:: TASK BRIEF ::
Your task is to transcribe the data exactly while omitting each picture.

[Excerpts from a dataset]
- - - -

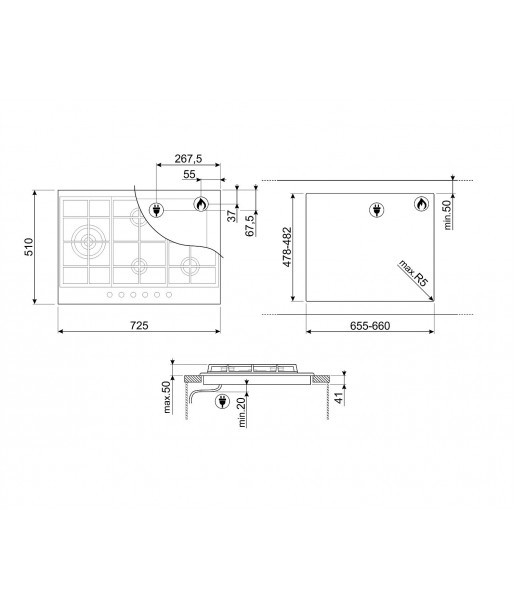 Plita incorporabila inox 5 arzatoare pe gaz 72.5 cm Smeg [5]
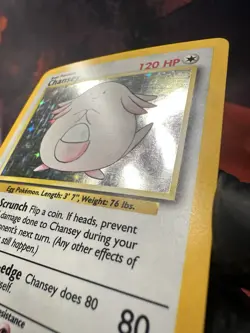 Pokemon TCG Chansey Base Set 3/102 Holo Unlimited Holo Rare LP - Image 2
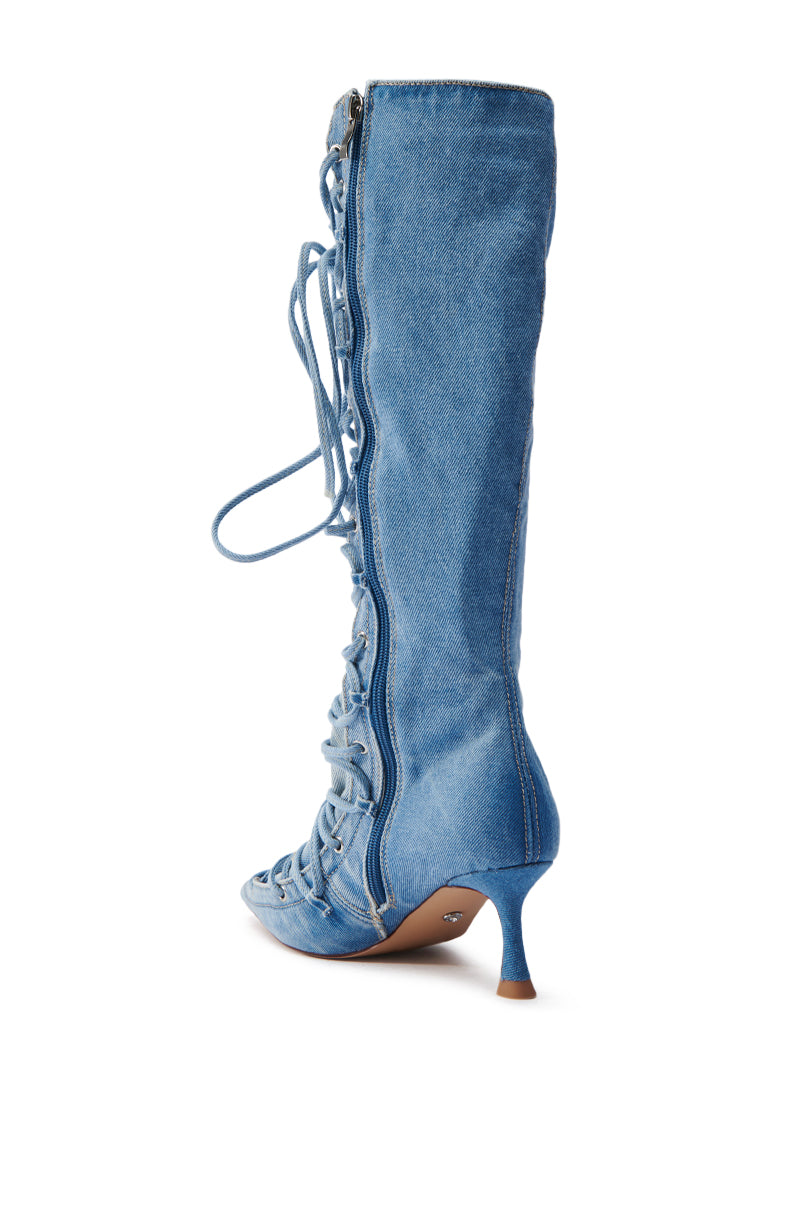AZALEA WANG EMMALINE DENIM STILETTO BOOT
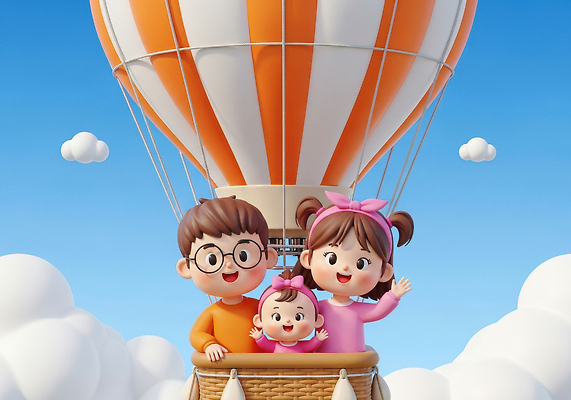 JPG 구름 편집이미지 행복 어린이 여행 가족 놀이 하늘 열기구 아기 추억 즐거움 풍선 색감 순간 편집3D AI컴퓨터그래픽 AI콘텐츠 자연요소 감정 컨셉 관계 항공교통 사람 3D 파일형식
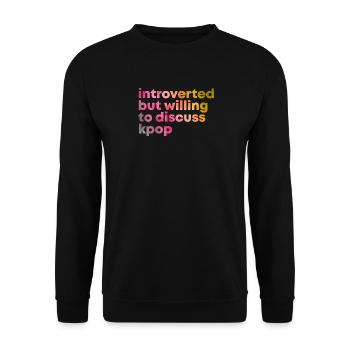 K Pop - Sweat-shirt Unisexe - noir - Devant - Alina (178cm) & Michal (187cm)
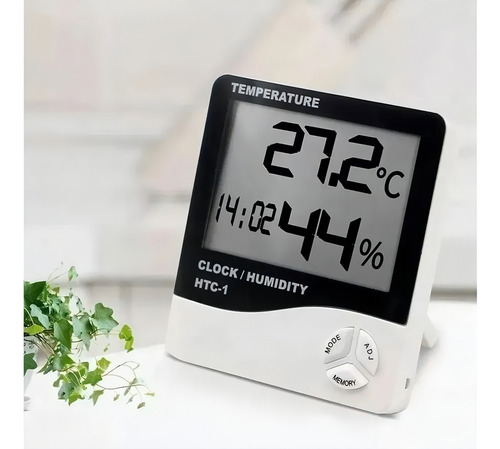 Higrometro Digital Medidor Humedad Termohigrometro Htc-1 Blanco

- - - -

:: WORKED SOLUTION ::
 Plita incorporabila inox 5 arzatoare pe gaz 72.5 cm Smeg [5]
 Pokemon TCG Chansey Base Set 3/102 Holo Unlimited Holo Rare LP - Image 2
AZALEA WANG EMMALINE DENIM STILETTO BOOT
 JPG 구름 편집이미지 행복 어린이 여행 가족 놀이 하늘 열기구 아기 추억 즐거움 풍선 색감 순간 편집3D AI컴퓨터그래픽 AI콘텐츠 자연요소 감정 컨셉 관계 항공교통 사람 3D 파일형식
 K Pop - Sweat-shirt Unisexe - noir - Devant - Alina (178cm) & Michal (187cm)
 Higrometro Digital Medidor Humedad Termohigrometro Htc-1 Blanco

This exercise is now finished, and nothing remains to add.